YOUR ASSIGNMENT = The required output is an exact copy of the lines from the one containing "Třicet plzeňských hokejových" through the end of the entries below, with pictures removed.

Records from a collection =

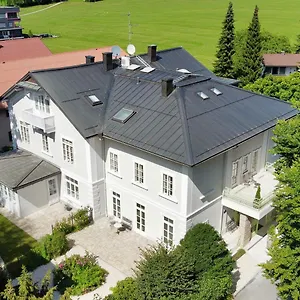 Wickenburg Apartment Salzburg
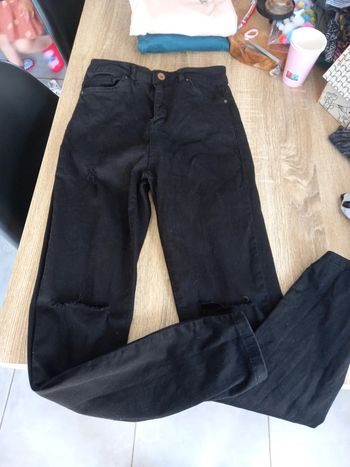Pantalon noir déchiré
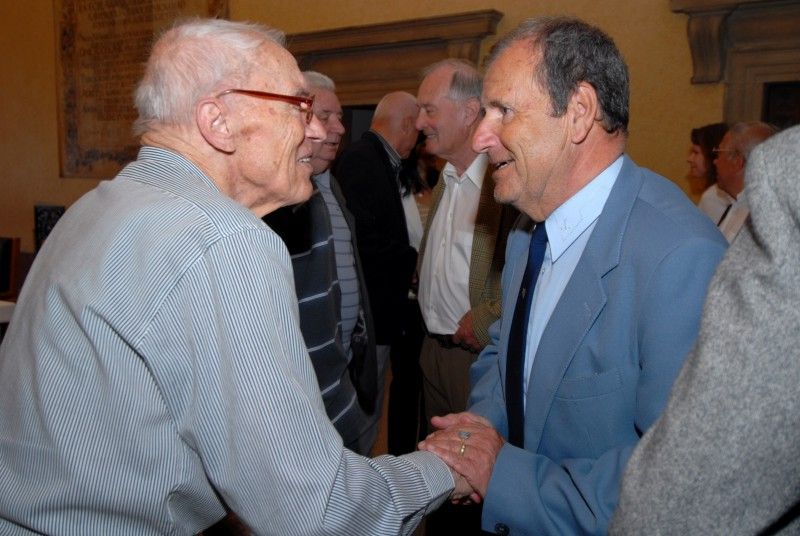 Třicet plzeňských hokejových legend se sešlo (25.5.2012) na radnici v obřadní síni s radní pro sport Irenou Rottovou. Úvod patřil jedné z nich, Zdeňkovi Habrovi, který dvanáct let hrál ligu, čtvrt století trénoval a deset roků šéfoval plzeňskému extraligovému klubu. Pro tentokrát se ujal role moderátora a radní Rottové představil jednotlivé členy staré gardy s patřičným komentářem z jejich hokejového života.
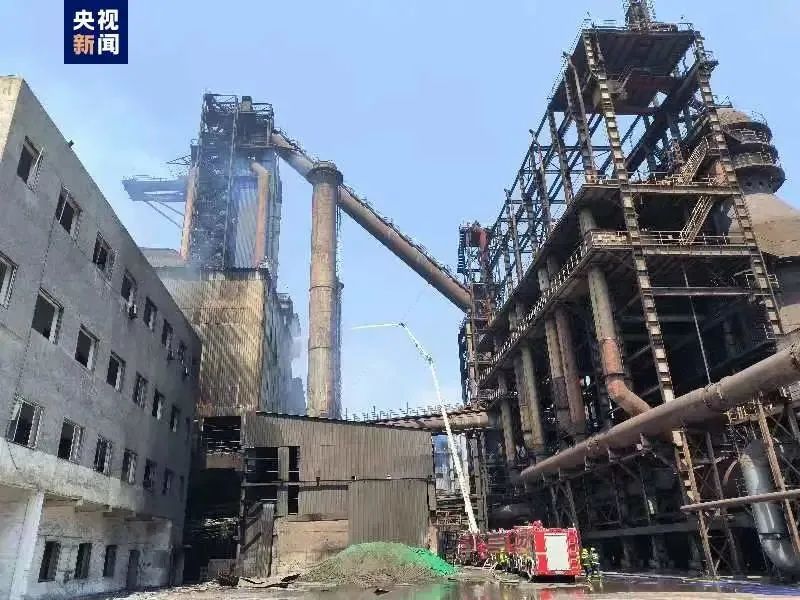 » 7、冒险蛮干16小时 辽宁营口钢铁事故致5死4伤6月22日上午7时55分左右，辽宁省营口市营口钢铁有限公司炼铁厂一号高炉在生产过程中炉缸烧穿，液态渣铁遇冷却水发生喷爆，目前已造成5人死亡、4人受伤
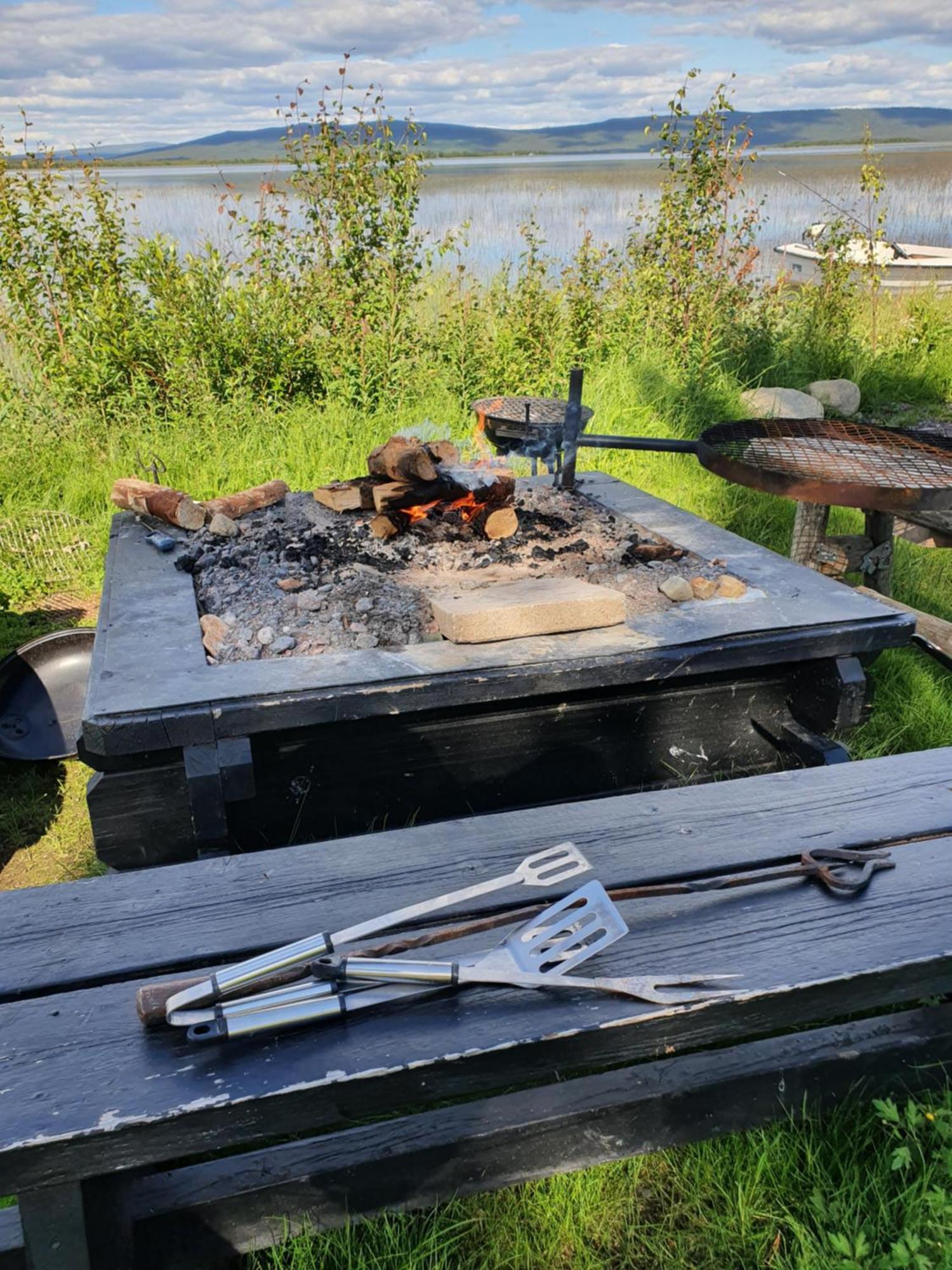Camp Caroli Wooden Cabins Jukkasjarvi Bagian luar foto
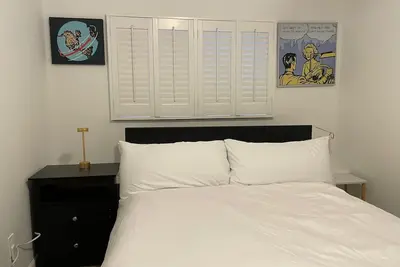 Image de Cozy Beachfront\/Golden Gate Park Hideaway with Luxury Beds and Bedding.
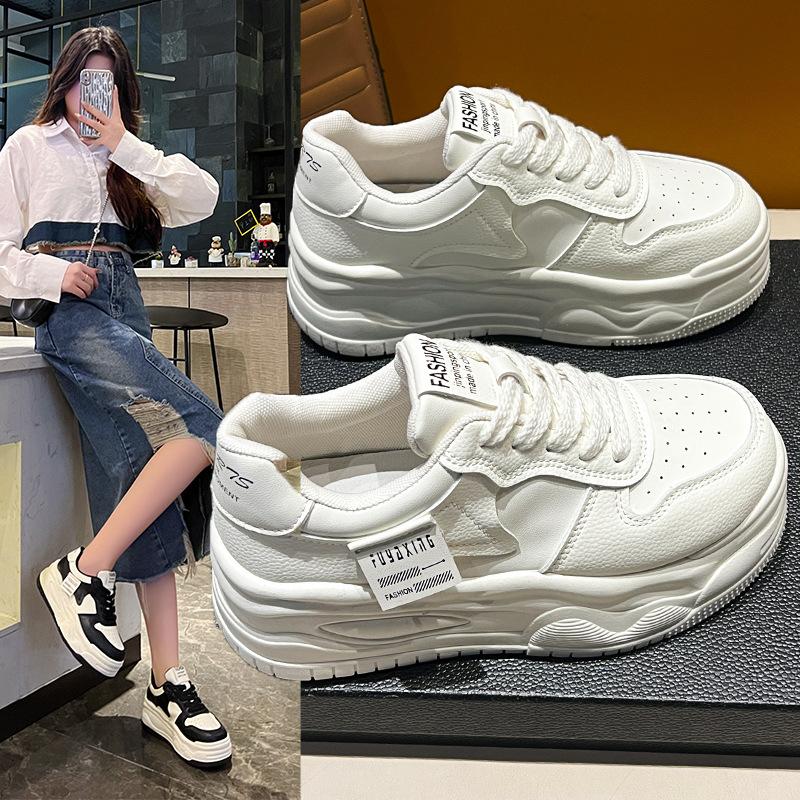 Маленькие белые туфли на толстой подошве Женские 2024 Весна Новые Модные и Удобные Кеды для скейтборда Женские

THE ANSWER =
 Třicet plzeňských hokejových legend se sešlo (25.5.2012) na radnici v obřadní síni s radní pro sport Irenou Rottovou. Úvod patřil jedné z nich, Zdeňkovi Habrovi, který dvanáct let hrál ligu, čtvrt století trénoval a deset roků šéfoval plzeňskému extraligovému klubu. Pro tentokrát se ujal role moderátora a radní Rottové představil jednotlivé členy staré gardy s patřičným komentářem z jejich hokejového života.
 » 7、冒险蛮干16小时 辽宁营口钢铁事故致5死4伤6月22日上午7时55分左右，辽宁省营口市营口钢铁有限公司炼铁厂一号高炉在生产过程中炉缸烧穿，液态渣铁遇冷却水发生喷爆，目前已造成5人死亡、4人受伤
Camp Caroli Wooden Cabins Jukkasjarvi Bagian luar foto
 Image de Cozy Beachfront\/Golden Gate Park Hideaway with Luxury Beds and Bedding.
 Маленькие белые туфли на толстой подошве Женские 2024 Весна Новые Модные и Удобные Кеды для скейтборда Женские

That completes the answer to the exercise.